Thermodynamic Linear Algebra
Maxwell Aifer, Kaelan Donatella, Max Hunter Gordon, Samuel Duffield, Thomas Ahle, Daniel Simpson, Gavin E. Crooks, Patrick J. Coles
TL;DR
This work proposes thermodynamic computing hardware that leverages the equilibrium distribution of coupled harmonic oscillators to accelerate core linear-algebra primitives. By mapping problems such as solving linear systems, matrix inversion, Lyapunov equations, and determinant estimation to sampling from Gaussian distributions generated by overdamped or underdamped Langevin dynamics, the authors derive asymptotic speedups that scale linearly with dimension $d$ under plausible assumptions.
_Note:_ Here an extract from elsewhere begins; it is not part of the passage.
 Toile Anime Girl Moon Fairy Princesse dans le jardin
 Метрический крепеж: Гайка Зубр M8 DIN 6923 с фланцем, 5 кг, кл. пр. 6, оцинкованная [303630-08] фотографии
They provide explicit algorithmic protocols, convergence analyses, and a timing model that compares favorably to digital methods like conjugate gradient and Cholesky for large-scale, ill-conditioned dense matrices, while highlighting practical energy-time tradeoffs and hardware considerations. The work also outlines a pathway to experimental demonstrations and broader implications for thermodynamic computing, including non-linear extensions and multi-application hardware reuse. Overall, the paper establishes a concrete mathematical foundation and numerical benchmarks for using thermodynamic hardware to accelerate linear algebra in near-term devices.
Abstract
Linear algebraic primitives are at the core of many modern algorithms in engineering, science, and machine learning. Hence, accelerating these primitives with novel computing hardware would have tremendous economic impact. Quantum computing has been proposed for this purpose, although the resource requirements are far beyond current technological capabilities, so this approach remains long-term in timescale. Here we consider an alternative physics-based computing paradigm based on classical thermodynamics, to provide a near-term approach to accelerating linear algebra. At first sight, thermodynamics and linear algebra seem to be unrelated fields. In this work, we connect solving linear algebra problems to sampling from the thermodynamic equilibrium distribution of a system of coupled harmonic oscillators. We present simple thermodynamic algorithms for (1) solving linear systems of equations, (2) computing matrix inverses, (3) computing matrix determinants, and (4) solving Lyapunov equations. Under reasonable assumptions, we rigorously establish asymptotic speedups for our algorithms, relative to digital methods, that scale linearly in matrix dimension. Our algorithms exploit thermodynamic principles like ergodicity, entropy, and equilibration, highlighting the deep connection between these two seemingly distinct fields, and opening up algebraic applications for thermodynamic computing hardware.